Tip uit Haags circuit redding voor tunnel
Zeeland dankt de Westerscheldetunnel aan goede contacten in de Haagse politiek. Een inkijkje.
De laatste schakel tussen overkanten in Zeeland, de Westerscheldetunnel, is het resultaat van een uitgekiend politiek spel.
Oud-gedeputeerde Jaap Hennekeij (VVD) vervulde daarin een hoofdrol. "Het is zo belangrijk goede contacten te hebben in Den Haag", kijkt hij terug. "Ik zat er de helft van de werkweek." Hennekeij was kind aan huis in de Tweede Kamer en bij ministeries. "Ik sprak er zoveel mogelijk mensen, niet alleen van mijn eigen partij, de VVD, maar ook van andere partijen. En ook niet alleen als ik ze nodig had. Gewoon wat bijpraten. Zo bouw je een netwerk op."
In 1991 trad Hennekeij aan als gedeputeerde, in 2003 vertrok hij. Bij zijn komst was de aanleg van een Westerschelde-oeververbinding nog vooral een vrome wens. Twee weken voor zijn afscheid was de officiële opening van de Westerscheldetunnel. Hennekeij is geen snoever. "Ik rij wel met een goed gevoel door die tunnel", bekent hij met een glimlach.
Hennekeij werkte bij Rijkswaterstaat in Middelburg en Den Haag, voordat hij toetrad tot het dagelijks bestuur van de provincie. Hij kende als 'gewoon' Statenlid al het klappen van de zweep. "In het vorige college van Gedeputeerde Staten zaten de PSD, de veerdiensten over de Westerschelde, en de Westerscheldetunnel bij twee verschillende gedeputeerden, Jan de Voogd en Ron Barbé. Dat gaf strijd. Het eerste wat we hebben gedaan, is die twee portefeuilles bij één gedeputeerde onderbrengen." Bij Hennekeij dus.

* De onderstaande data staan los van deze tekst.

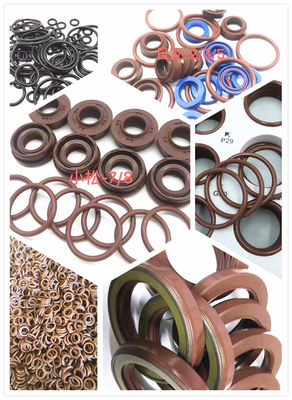 DH HD Hitachi Carterpillar Sumitomo Kato Kobelco Sany Excavator Boom Seal Kit Kháng mòn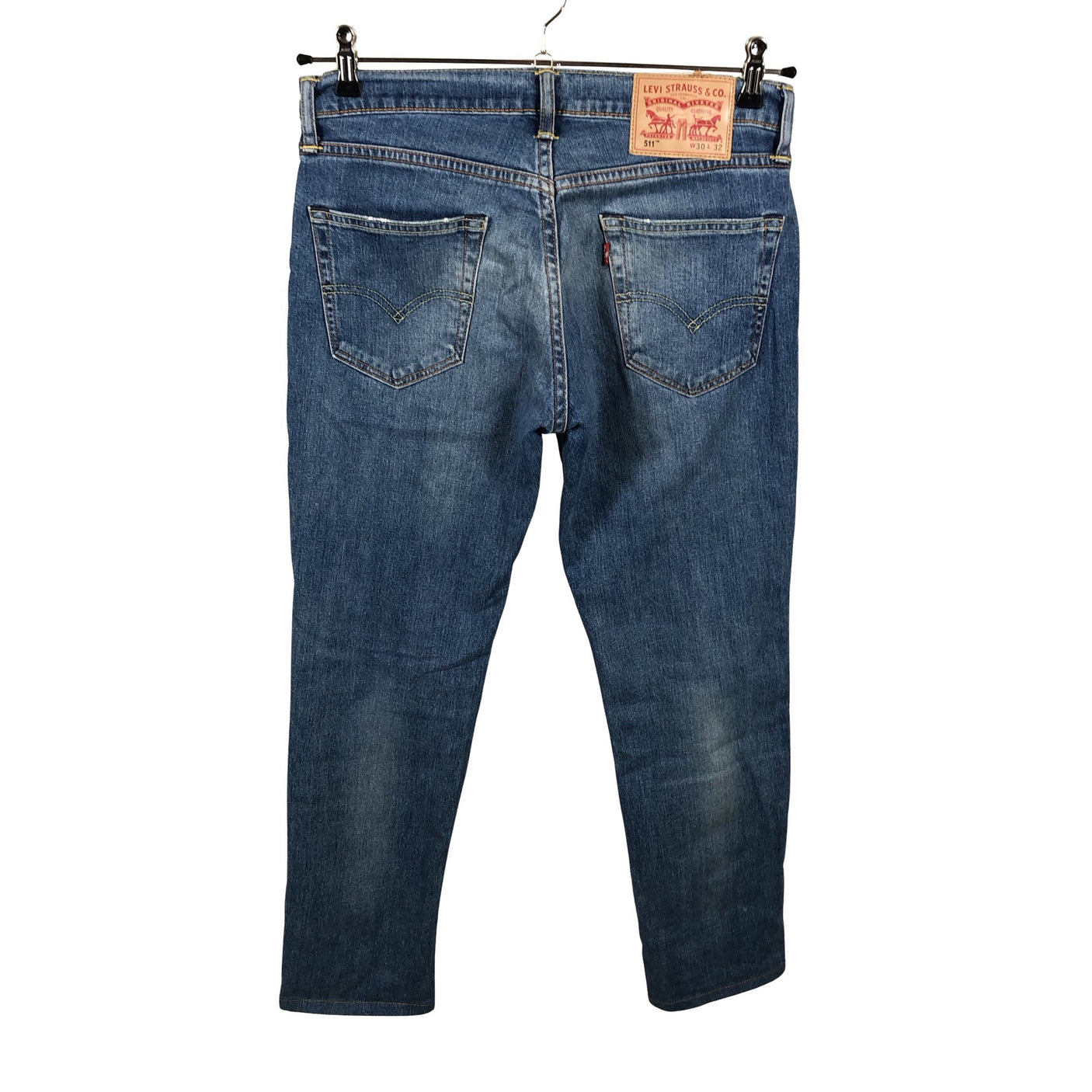 Unisex Levi's - Jeans, size W30 - Blue (5)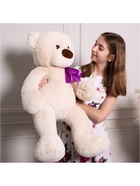 Мягкая игрушка «Медведь Марк» светлый, 80 см - Фото 7
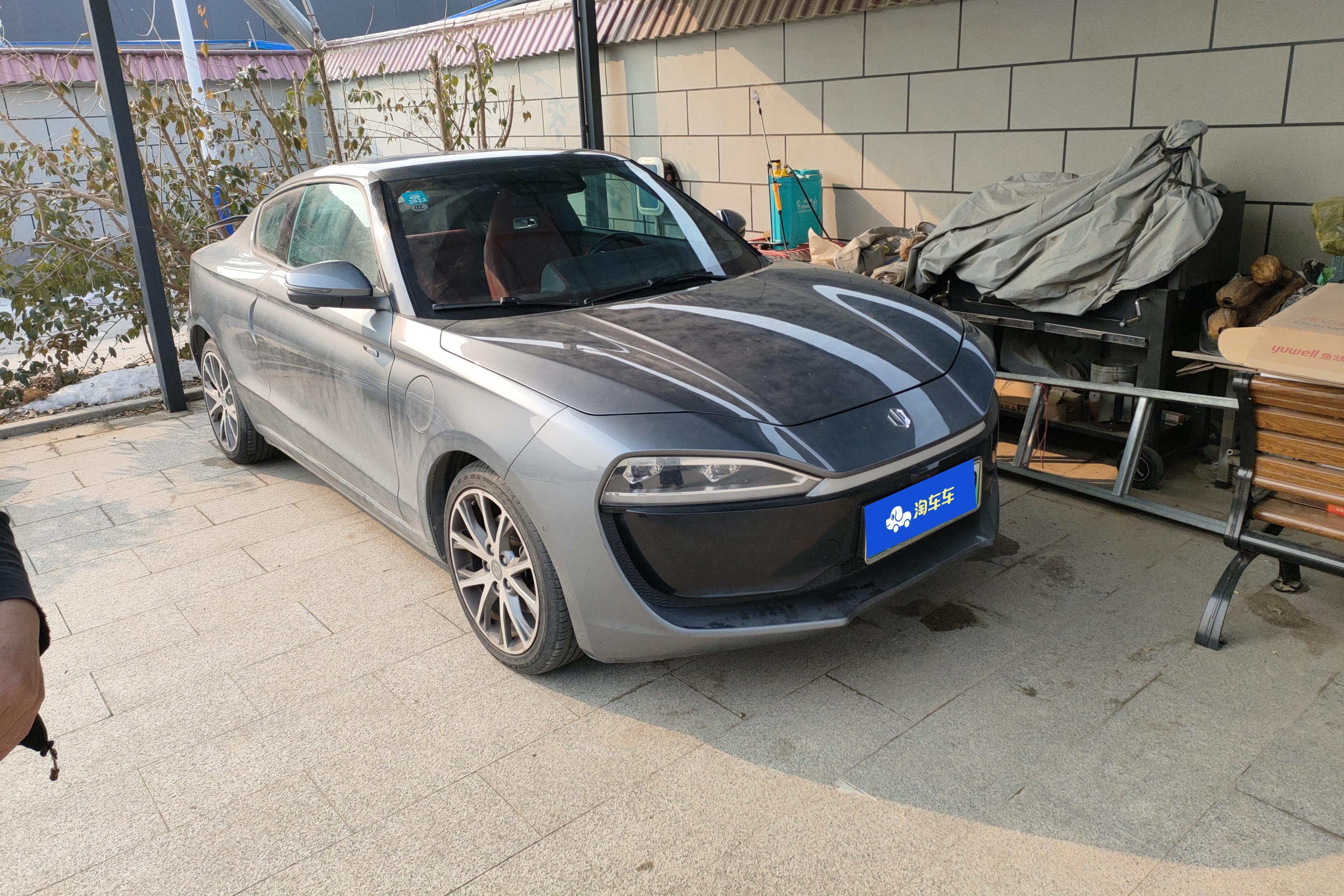 Leapmotor S01 2020 汽车图片 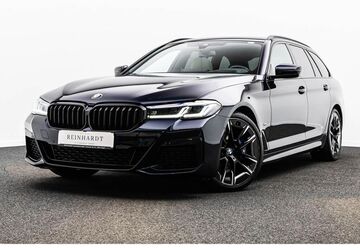 BMW 540 116.035 km 39.840 &euro; Hagen 58091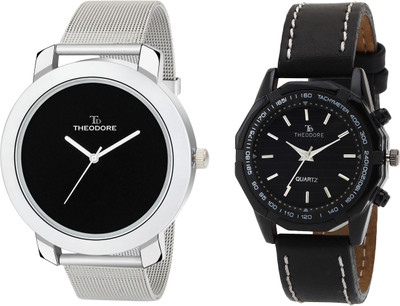 

THEODORE TDC2734 Watch - For Couple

Veel voorwerk was al gedaan door zijn voorganger. Het kwam er nu op aan de handen in Den Haag op elkaar te krijgen. Hennekeij had al zo zijn contacten in het Haagse, het Zeeuwse Eerste Kamerlid David Luteijn (een lobbyist pur sang) en Tweede Kamerlid Jan te Veldhuis uit Middelburg. Allebei ook van de VVD. "Zij hadden een netwerk en hebben dat voor mij toegankelijk gemaakt. Als provincie hadden we ook geregeld overleg met Zeeuwse Kamerleden, met Te Veldhuis, Huib Eversdijk (CDA) en John Lilipaly (PvdA). Wij hielpen Kamervragen te stellen om aandacht te krijgen en vast te houden."
Hennekeij zat ook hoog in het Interprovinciaal Overleg (IPO), het landelijk orgaan van alle provincies, en had vanuit het IPO geregeld contact met ministers van Verkeer en Waterstaat, Hanja Maij-Weggen (1989-1994), Annemarie Jorritsma (1994-1998) en tot slot Tineke Netelenbos (1998-2002). Cruciaal in de lange weg naar aanleg van de Westerscheldetunnel was één telefoontje.
"Ik kende mensen bij het ministerie van Verkeer en Waterstaat. De weerstand tegen het project was daar groot. Ik kreeg voor een groot overleg met onder anderen Maij-Weggen een tip. Er circuleerde in het ministerie een zeer negatief advies over de oeververbinding. Vervolgens heb ik Maij- Weggen gebeld. Of ik tien minuten van haar tijd mocht voor het overleg? We hebben drie kwartier bij elkaar gezeten en drie afspraken gemaakt. TNO maakt een risicoanalyse, het ontwerp wordt nader bekeken en er komt een werkgroep financiering. Het overleg daarna was binnen enkele minuten afgelopen."
Zo waren er meer momenten waarop goede contacten in het Haagse een reddingsboei bleken. Staatssecretaris Marius van Amelsfoort van Financiën wilde er niets van weten dat er geen btw zou worden betaald voor de bouw van de verbinding. Hennekeij, commissaris van de koningin Kees Boertien (CDA) en PvdA-gedeputeerde Daan Bruinooge trokken erop uit en boorden hun contacten aan.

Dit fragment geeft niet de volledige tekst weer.